Total revenues were roughly flat compared with the fourth quarter of 2023, but more of them came from fees Wells Fargo charges for services rather than its loans, the bank said Wednesday.

CEO Charlie Scharf cited the shift as a sign of ongoing progress at Wells Fargo, which has bulked up its investment banking operation to better compete with big banks.

"Our solid performance this quarter caps a year of significant progress for Wells Fargo," Scharf said in a news release. "Our earnings profile continues to improve."

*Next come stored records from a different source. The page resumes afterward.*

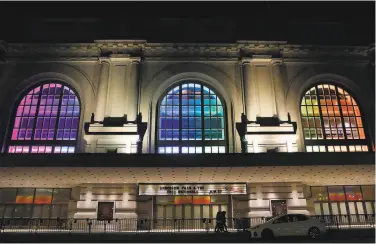  ?? Scott Strazzante / The Chronicle 2019 ?? San Francisco’s Bill Graham Civic Auditorium, shown adorned in rainbow colors for Gay Pride Month last year, may be transforme­d into an emergency homeless shelter during the coronaviru­s pandemic.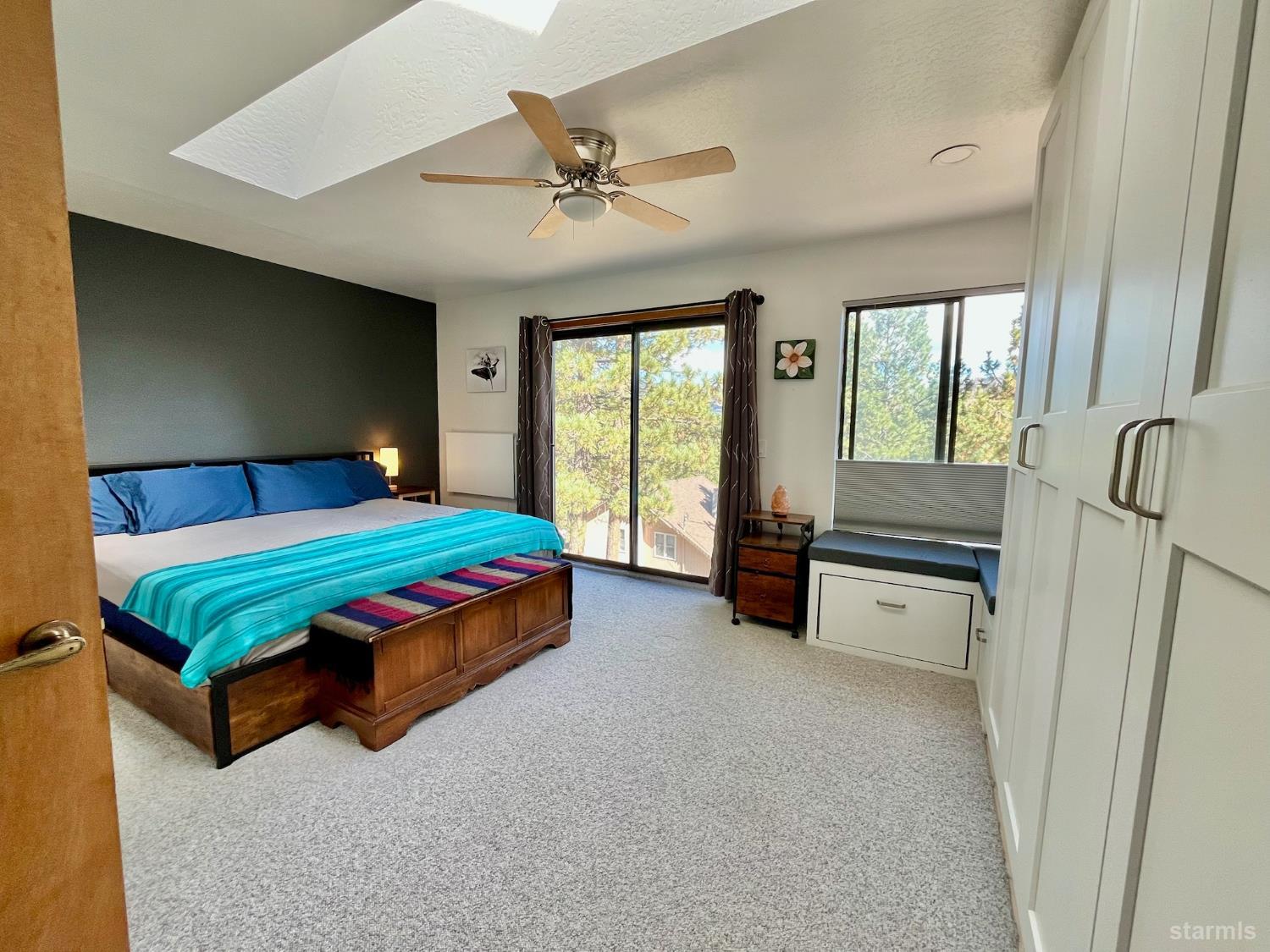 50 Canon View Markleeville, CA 96120 - Photo 10 of 21 a bedroom with a bed and a chandelier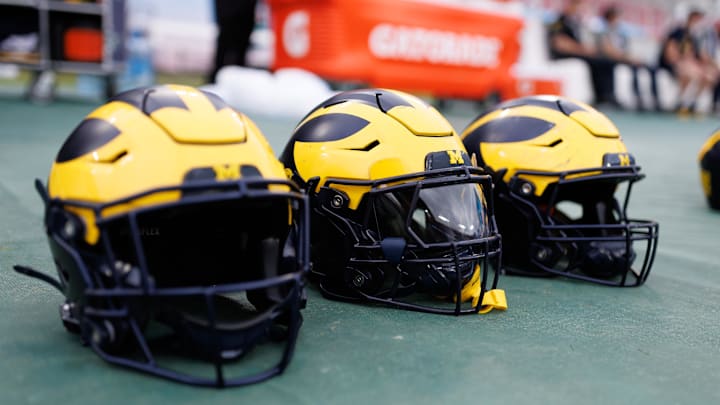Dec 31, 2024; Tampa, FL, USA; Michigan Wolverines helmets sit on the field before a game against the Alabama Crimson Tide at Raymond James Stadium. Mandatory Credit: Matt Pendleton-Imagn Images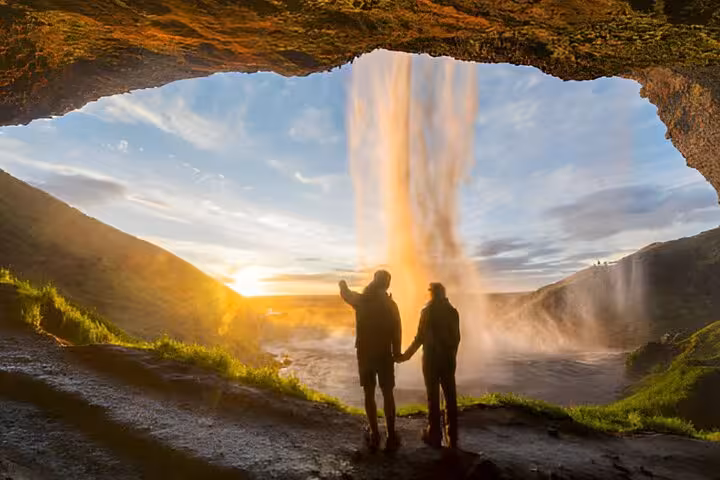 Couple holding hands behind Seljalandsfoss waterfall at golden sunset on Iceland South Coast tour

Net income rose to $5.1 billion from $3.4 billion in the year-ago quarter. Earnings per share climbed to $1.43 from 86 cents per share. Analysts were expecting EPS at $1.35, according to S&P Capital IQ data.

Net interest income fell to $11.8 billion, down 7% from last year, thanks to higher deposit costs, sluggish loan balances and some loans repricing downward after last year's interest rate cuts. The pressure appears to be easing, as Wells Fargo projected its net interest income should rise 1% to 3% in 2025, compared with its 9% decline in 2024.

Average loans fell to $906.4 billion in the fourth quarter, down 3% from $938 billion last year, though Wells Fargo Chief Financial Officer Michael Santomassimo told reporters Wednesday he expects modest growth this year.

Though fewer loans meant less interest income, the bank raked in some $8.5 billion in noninterest income, up 11% from $7.7 billion in the fourth quarter of last year.

Higher stock prices and investor optimism helped drive some of the increase, as Wells Fargo's venture capital investments saw better results and its wealth management division earned more as clients' assets grew. Investment banking fees also jumped 59% from last year to $725 million, with Wells Fargo helping arrange more equity and debt deals for clients.

Wells Fargo's efforts to cut costs also continued, as noninterest expense fell to $13.9 billion in the fourth quarter, down 12% from last year.

Scharf also highlighted the "clear progress we've made on our risk and control agenda," as the bank continues to work on fixing regulators' expectations after its sales-related scandal a decade ago. In February, the Office of the Comptroller of the Currency lifted the 2016 consent order it placed on the bank, which Scharf said was "an important milestone" in its journey.

Wells Fargo remains under a cap that the Federal Reserve imposed in 2018, which limits the bank's assets at $3.9 trillion.

Investors hope the bank's progress in fixing some of its regulatory issues will prompt the Fed to lift the asset cap and supercharge Wells Fargo's growth. Those expectations have risen after President-elect Donald Trump's victory.

Scharf has long declined to give investors a timeline for when regulators will make that decision, saying all the bank can do is improve its risk management and controls to satisfy regulators' expectations.

"Our operational risk and compliance infrastructure is greatly changed from when I arrived and while we are not done, I'm confident that we will successfully complete the work required in our consent orders and embed an operational risk and compliance mindset into our culture," Scharf said Wednesday.